A good data scientist is a bit like a good journalist: they know how to ask questions so precise and to the point that there can be no vague, misleading answer. Data science is all about asking these sharp, specific questions of your data — and the techniques involved in machine learning guides you to these clear answers by requiring that you figure out exactly what it is you want to know before you start.
How are artificial intelligence and machine learning different from business intelligence?
Until the data science revolution changed the game, most businesses were using data analytics or business intelligence (BI) to ask critical questions about their performance.
BI is a great tool to use when you want to analyze historic trends and figure out how well you did in the past. It’s a useful starting point for justifying your decision to keep doing more of the same or to alert you that you ought to try something else. It’s great when you want to turn enormous datasets into reports, dashboards, and visualizations you can understand.
BI also has some predictive capabilities, albeit limited ones: you can draw out actionable insights and patterns from the past that help you make smarter decisions. At least, provided the wider business context hasn’t really changed. If things are very different now to a year ago, these insights will be limited.
That’s the main problem with BI: it only lets you look backward. You can get answers to pre-established questions, but you can’t dive into the unknown and figure out what might work unless you’ve tried it before and succeeded. To really get ahead, you need to look forward — and that’s where machine learning (and automated machine learning) comes in.
Unlike the data analysis involved in BI, machine learning algorithms are complex mathematical models that use historical data to predict future outcomes. These models often combine data from multiple sources to reveal patterns and emerging trends with far more accuracy and sensitivity to myriad external factors than BI could ever hope to achieve.

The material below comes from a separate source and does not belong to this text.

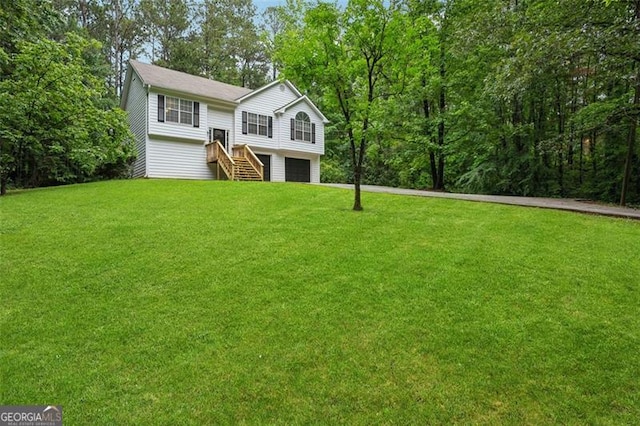 835 Navajo, Covington, GA 30016 - raised ranch with a garage, a front yard, and driveway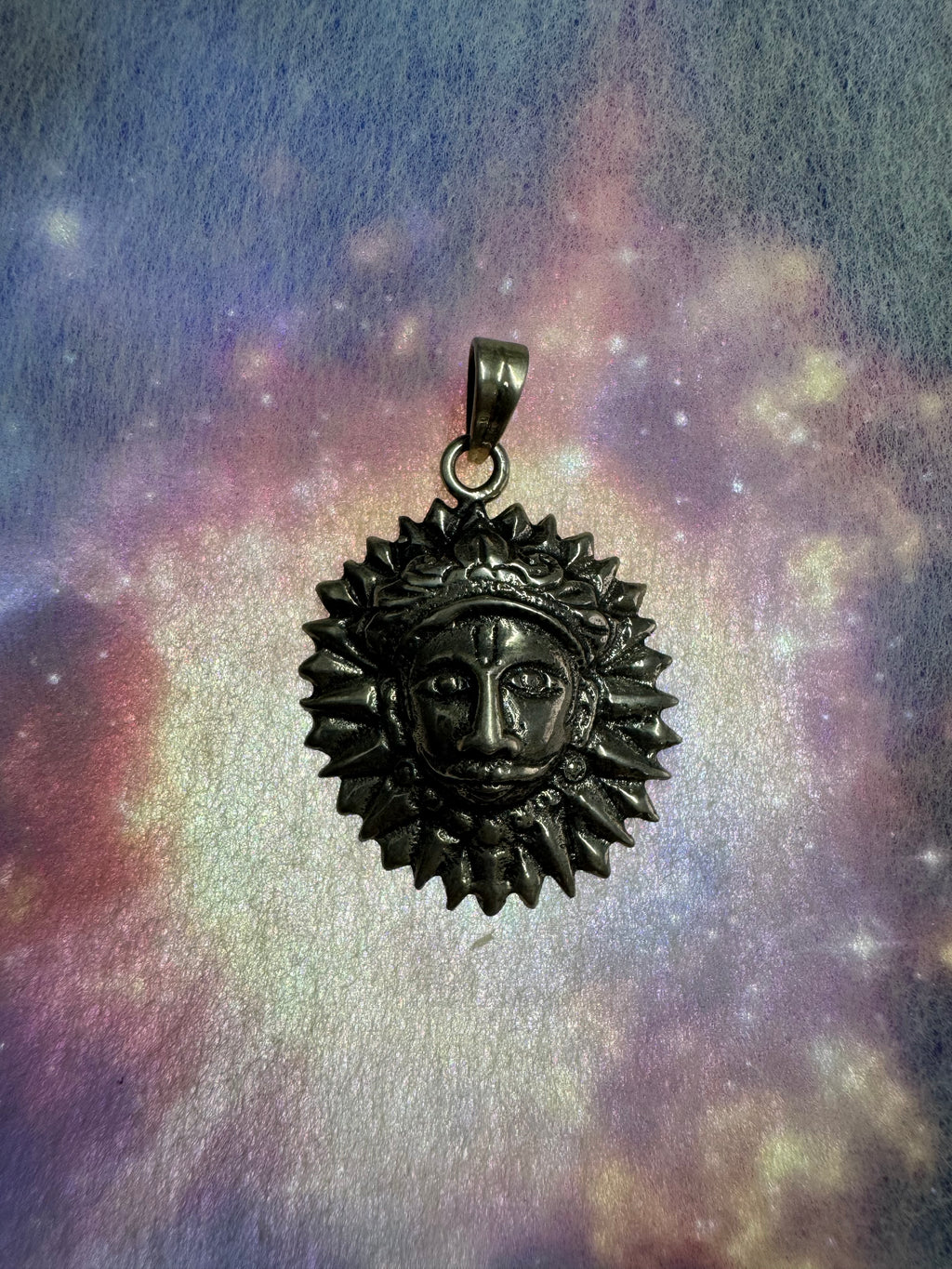 Sterling silver sun disc pendant on a blue and violet iridescent backdrop, the flat bail and jump ring at the rim.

This means you really are making data-driven decisions — not by simply extrapolating from the experiences of the past, but by modeling scenarios that haven’t happened yet. This helps with everything from deciding whether a customer can be trusted with credit through to predicting which segments of your customer base will react in a particular way to a proposed advertising campaign.
What’s more, machine learning is becoming increasingly accessible. As more and more organizations are able to tap into the benefits without hiring a huge team of data scientists, it’s becoming clearer that automated machine learning will make BI redundant for many. That said, data science, AI, and machine learning can only give you valuable answers if you know what questions to ask in the first place.
Classification of data allows you to figure out whether it belongs to a predefined group that predicts a particular outcome. For example, you may be asking the question “What is the likelihood of this customer making a purchase?”. In machine learning terms, what you’re really asking is, “does this customer’s profile/behavior indicate traits we usually see in others in the buyer category?”
Classification can also be used to identify anomalies and with it suspicious behavior. So, it helps answer questions like “Is this a fraudulent transaction?” or “Is this a cyberattack?”
This is a way of investigating findings in your data when applied to a new situation. For example, “If we mention food in the subject line will our emails get a better open rate?”
Feature selection is a way of pinpointing exactly which aspect of the data predicts a certain outcome. It’s particularly useful for facial recognition and other types of image processing. For example: “Does this type of photograph contravene our community policy?”
With scenario prediction, you analyze multiple future outcomes under different conditions. This means you can create many possible scenarios, predicting what would happen in each one. For example: “Would we save money if we cut one of our product lines?” or, “would changing a specific price impact our revenues in these promotions?”
These are questions that deal with minimization and maximization issues — those that seem like straightforward questions but are actually very complex to answer, with a lot of contributing factors to take into account. For example: “What route should our delivery drivers take?”
Clustering is a way of categorizing data based on collections of shared observations. So an example question might be: Are there certain “types” of people who share our posts on Facebook?
This is a way of reducing complex data down to its most important key indicators to tease out trends and make predictions about the future. For example, it could help answer the question “Which of these books will be a bestseller?”.
AI and machine learning can be deployed all across the funnel with huge benefits to your business, but figuring out how to frame your questions is half the battle. It’s important to understand what kinds of questions it’s possible to ask of data so that you can translate these into machine learning models. It’s also important that you ensure that the datasets you have chosen are suitable for these questions - and if they’re not, that you’ve thought about where to get the high-quality external data you need for these machine learning models to work. You can get the answers you need, you just need to be smart about the questions you ask.